The South East of Turkey is that of many cultures, mostly bordering Syria and the Mediterranean, this boiling hot piece of Turkey will show you a side of the nation you cannot see anywhere else. Referred to often as the cradle of civilization, this region is home to two for the most significant rivers in history the Tigris and the Euphrates. The region is one of Turkeys best money makers, producing cotton, tobacco, Pistachio nuts and is home to the famous Maraş ice-cream, so dense you need to eat it with a knife and fork.
Places to visit in the South East
Adıyaman: One of the fastest growing cities in Turkey, Adıyaman is one of the world’s oldest provinces. Home to the small yet famous Commagene Kingdom founded in 69BC which ruled until the Roman invasion in 72AD, Adıyaman is the base from where you can reach the summit of Mt Nemrut. Mt Nemrut built by King Antiochus I for himself is an impressive man made mountain with huge statues at the top. The tomb for the King is visited mostly for the spectacular sunrise amongst giant head statues representing the ancestors from both his Greek and Persian lines. Other points of interest in Adıyaman are the Caves of Pirin and the Atatürk Dam.
Diyarbakır: Situated on the banks of the Tigris River, this large city surrounded by black city walls is one of Turkey’s most culturally colourful even further back to the Stone Age. Places of interest include; the black basalt City Walls, Great Mosque of Diyarbakır, Syriac Orthodox Church of Our Lady, the Four Footed Minaret and the Archaeological Museum.
Gaziantep: Another city which dates back well before Christ, this city is famous for Pistachio nuts and Baklava. Don’t miss the Archaeological Museum which houses outstanding mosaics from the Roman period.

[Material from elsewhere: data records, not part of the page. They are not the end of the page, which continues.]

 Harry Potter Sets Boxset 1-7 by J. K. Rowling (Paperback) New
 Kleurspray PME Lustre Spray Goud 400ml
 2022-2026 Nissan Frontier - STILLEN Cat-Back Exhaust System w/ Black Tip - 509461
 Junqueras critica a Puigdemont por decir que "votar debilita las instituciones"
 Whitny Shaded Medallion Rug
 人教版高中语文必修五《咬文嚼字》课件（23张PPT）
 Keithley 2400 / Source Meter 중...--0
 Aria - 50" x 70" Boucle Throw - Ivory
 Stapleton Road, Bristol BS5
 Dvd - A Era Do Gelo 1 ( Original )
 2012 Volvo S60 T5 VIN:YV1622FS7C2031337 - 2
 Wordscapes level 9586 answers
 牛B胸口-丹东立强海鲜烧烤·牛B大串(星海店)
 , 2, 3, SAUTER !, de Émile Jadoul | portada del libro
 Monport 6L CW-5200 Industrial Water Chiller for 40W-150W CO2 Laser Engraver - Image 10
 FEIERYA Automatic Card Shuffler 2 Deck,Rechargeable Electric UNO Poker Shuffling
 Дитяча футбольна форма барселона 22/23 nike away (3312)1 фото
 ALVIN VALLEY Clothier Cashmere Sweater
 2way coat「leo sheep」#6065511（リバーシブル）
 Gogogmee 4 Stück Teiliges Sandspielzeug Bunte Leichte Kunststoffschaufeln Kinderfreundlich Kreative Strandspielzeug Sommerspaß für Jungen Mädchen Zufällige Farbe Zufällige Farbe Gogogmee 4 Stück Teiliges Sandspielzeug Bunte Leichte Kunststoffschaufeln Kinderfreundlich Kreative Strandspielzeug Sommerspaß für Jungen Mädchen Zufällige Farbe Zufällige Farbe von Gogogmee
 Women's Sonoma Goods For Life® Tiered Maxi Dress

Mardin: Becoming more and more popular each year after being re-opened to tourists after the PKK occupation of the city. The city sits at the edge of a plateau overlooking the Mesopotamian Plain well into neighbouring Syria. Most people travel to the ancient city to visit Deyrul Zafaran (the Saffran Monastery), formally the seat of the patriarch of the Syrian Orthodox Church. Mardin also has many Assyrian buildings along with the famous Sultan Isa Medresesi.
Şanlıurfa: Or Urfa as it is commonly known is possibly Turkey’s most historical city. Thought to be the birthplace of the Patriarch Abraham, the city is set around the religious and ancient landmarks such as Balıkgöl (Fish Lake), Abrahams Cave, the Covered Bazaar and the Throne of Nimrod Fortress. From Urfa you can easily visit Harran best known for its mud beehive houses.